Okah-Donli further claimed that the women allegedly act out common pregnancy symptoms, including morning sickness, vomiting, and fatigue, to convince their husbands that they are expecting a child.
She alleged that when the supposed delivery date arrives, husbands are sometimes sent away on errands or business trips before returning home to find a newborn baby, allegedly sourced through illegal baby trafficking networks.
According to her, some women even undergo surgical procedures to create scars resembling those from caesarean section deliveries in an effort to make the deception more convincing.
“They actually do open them up to make it look like they had a CS. That’s how desperate these guys are. They stitch them back up,” she alleged.
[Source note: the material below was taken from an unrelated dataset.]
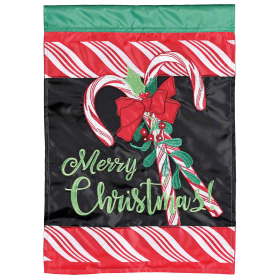 Garden Flag Christmas Candy Cane Bow Tie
Okah-Donli also claimed that some of the alleged perpetrators report giving birth to twins, triplets, or quadruplets because it allows them to obtain multiple babies in a single transaction.
Speaking on the increasing number of paternity disputes, she said many men who request DNA tests often discover they are not the biological fathers of the children. However, she argued that maternity testing is rarely considered, even though it could reveal whether the woman actually gave birth and potentially expose baby trafficking.
“The man is thinking this woman cheated on me, whereas the woman bought the baby. So it’s not even the mother. You can have the maternity test to be sure that this woman is not the mother of the baby, and then you begin to investigate where the baby came from,” she said.